### Problem details:
Reproduce the data below in full and exclude every picture.

### Given material:
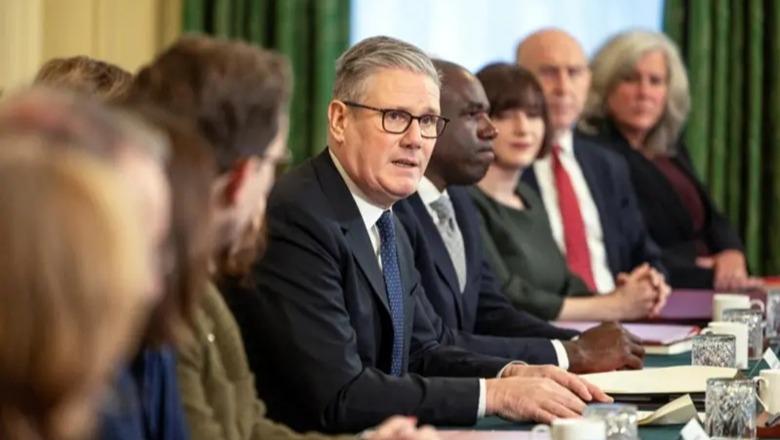 ‘Stuhi’ rreth Starmer, 81 deputetë i kërkojnë dorëheqjen! Kryeministri britanik refuzon largimin, ikën një ministre e kabinetit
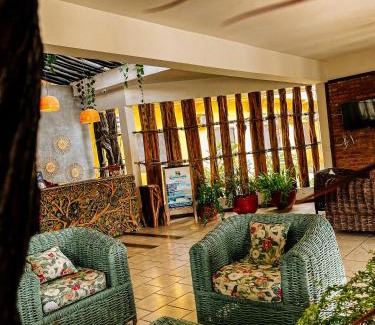 Prado Hotel | Pousada Pitanga
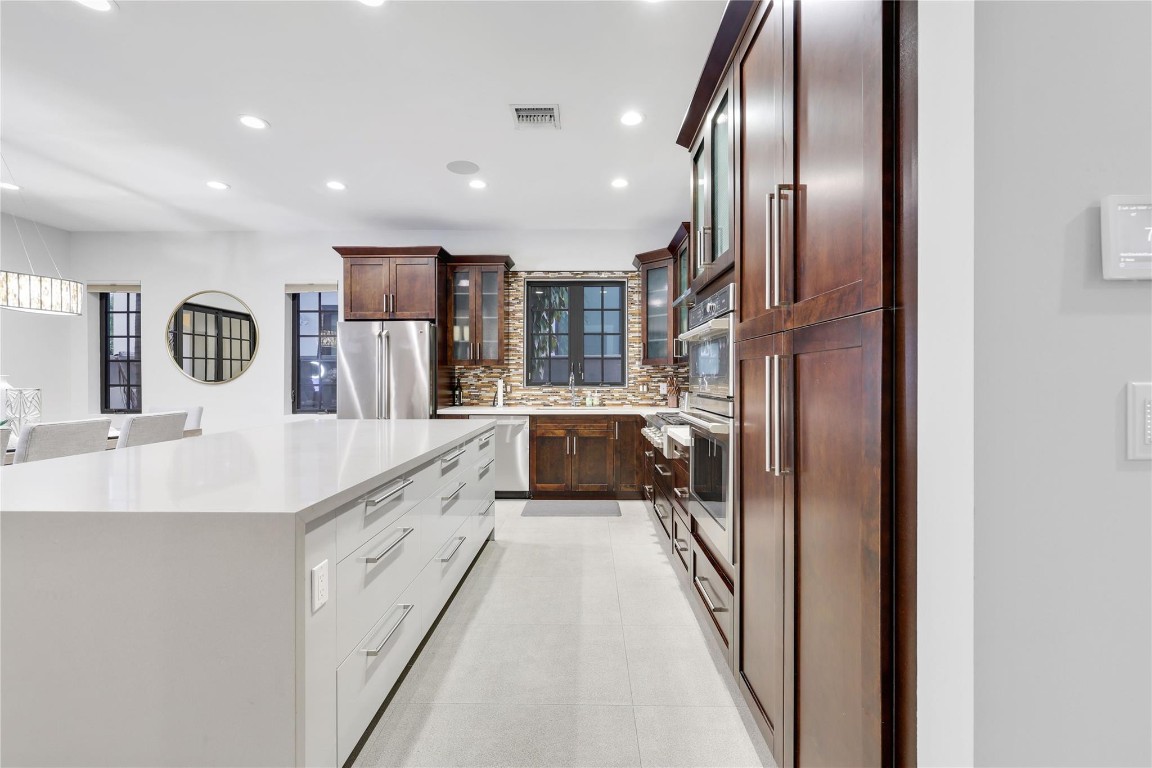 1404 SE 2nd Fort Lauderdale, FL 33301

### Answer to this problem:
 ‘Stuhi’ rreth Starmer, 81 deputetë i kërkojnë dorëheqjen! Kryeministri britanik refuzon largimin, ikën një ministre e kabinetit
 Prado Hotel | Pousada Pitanga
 1404 SE 2nd Fort Lauderdale, FL 33301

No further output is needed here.